YOCaml

Our first pages

In this tutorial, we’ll finally dive into the core of the topic by creating our very first pages!

# #install_printer Yocaml.Path.pp ;;
# #install_printer Yocaml.Deps.pp ;;
open Yocaml
let www = Path.rel [ "_www" ] 
let assets = Path.rel [ "assets" ]
let with_ext exts file =
  List.exists (fun ext -> Path.has_extension ext file) exts
let track_binary =
  Sys.executable_name |> Yocaml.Path.from_string |> Pipeline.track_file

After moving files around, it’s time to start adding real value to our site by creating our first pages! This tutorial will introduce the basics of file reading, document processing, and template injection.
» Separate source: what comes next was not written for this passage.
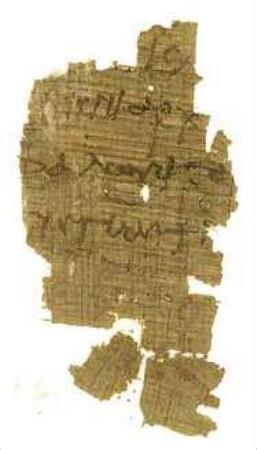 Inv. B2 Gruppe 3 164, Köln, Papyrussammlung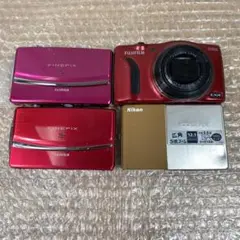 2026年最新】fujifilm finepix z ピンクの人気アイテム - メルカリ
The main idea in this section is to create pages written in Markdown, attach metadata to them, convert them into HTML, and inject them into cascading templates.

Additional dependencies

The core of YOCaml can only describe primitive operations on the file system in an abstract way. Usually, it’s the runtime (in our case, yocaml_unix) that gives these primitives their concrete meaning. As a result, YOCaml doesn’t know how to handle Markdown, or what it actually means to insert a document into a template. Fortunately, there are YOCaml plugins that provide advanced features. For our purposes, we’ll need two complementary plugins:

  • Yocaml_markdown: a plugin that converts Markdown documents into HTML. It is built on top of the excellent Cmarkit package for document conversion and Hilite for syntax highlighting of code snippets, using TextMate grammars.

  • Yocaml_jingoo: a plugin based on Jingoo, a template engine heavily inspired by Jinja and offering a wide range of features.
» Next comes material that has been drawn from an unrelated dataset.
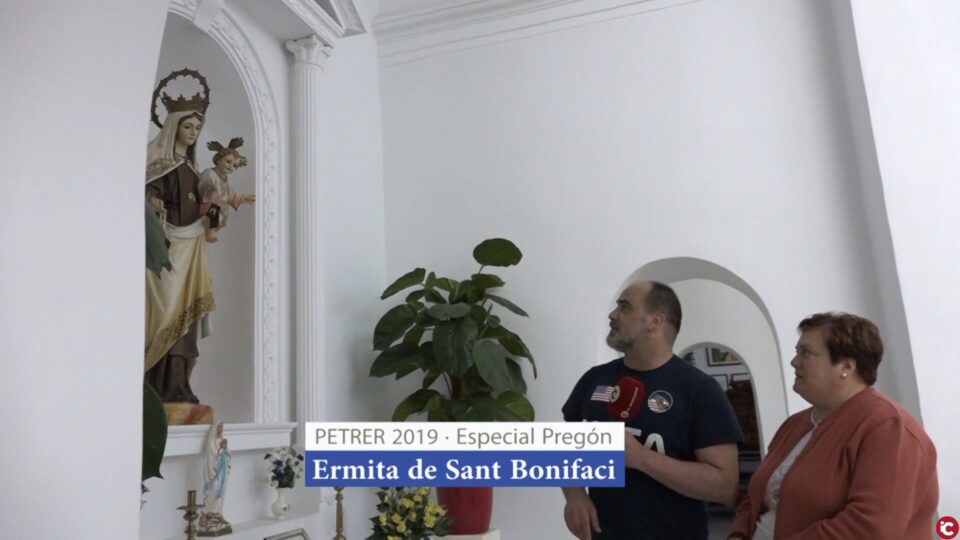 Visitamos a Paqui Ganga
  • Yocaml_yaml: a plugin that allows us to describe metadata using the YAML language.

We now need to update our dune-project file in the package/blog section to add the two packages:

 (package
  (name blog)
  (synopsis "My first blog using YOCaml")
  (description 
    "My first personal blog using YOCaml for 
    fun and profit")
  (depends
   (ocaml (>= 5.3.0))
 
   (yocaml (>= 2.5.0))
   (yocaml_unix (>= 2.5.0))
+  (yocaml_yaml (>= 2.5.0))
+  (yocaml_markdown (>= 2.5.0))
+  (yocaml_jingoo (>= 2.5.0))
    
   (utop :with-dev-setup)
   (ocamlformat :with-dev-setup)
   (ocp-indent :with-dev-setup)
   (merlin :with-dev-setup)
   (ocaml-lsp-server :with-dev-setup)))

In addition, to make them accessible from our blog code (blog.ml), we need to add the dependencies in our bin/dune file:

 (executable 
   (public_name blog)
-  (libraries yocaml yocaml_unix))
+  (libraries yocaml yocaml_unix yocaml_yaml 
+             yocaml_markdown yocaml_jingoo))

Now, in our blog.ml executable, we will be able to use the Yocaml_markdown and Yocaml_jingoo libraries!
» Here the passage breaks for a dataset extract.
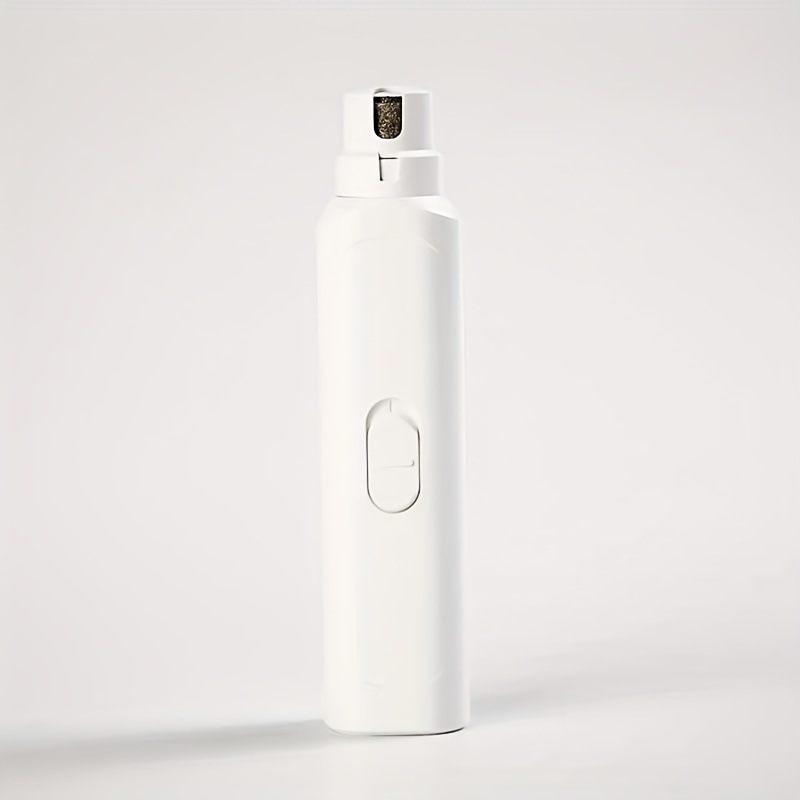 Uus lemmikloomade küüneveski elektriline koera ja kassi automaatne maniküür suure võimsusega küünekäärid lemmikloomade küüneveski piiriülene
Do not forget to run dune build to regenerate the OPAM file and then run opam install . --deps-only to download the newly added dependencies.

Front Matter and metadata

In most cases, we want to associate metadata with a page to provide additional information — for example, the page title, its description, and related tags. YOCaml follows an approach popularized by Jekyll: the front matter.

Front matter allows us to attach extra data to a document. It is written in another language and wrapped between --- and ---.

---
page_title: Here is the title of my document
description: Here is custom page, as an example
tags: [meta, page, tutorial]
---

# My document markdown

> Hello, welcome to my **custom page**, here is 
> a Markdown document

Hello World!

In our example, the front matter is written in YAML. However, you are free to use alternative formats, such as S-expressions, ToML, or even implement your own support for a custom description language.

Typing metadata

OCaml is a statically typed language. Therefore, we want our site generator to leverage static typing to precisely validate our front matter according to the types of pages we intend to read.

YOCaml provides a very rich API for validating structured data, ensuring that a document contains sufficient metadata to correctly build another document.

In this tutorial, we will only use pre-built metadata (informally called Archetypes) to simplify the development of our project. However, we encourage you to visit the Data Validation section for an advanced tutorial on creating data models.

Creating our pages

As with previous exercises, we will start by handling the creation of a single page, and then use the Batch API to apply our action to all pages.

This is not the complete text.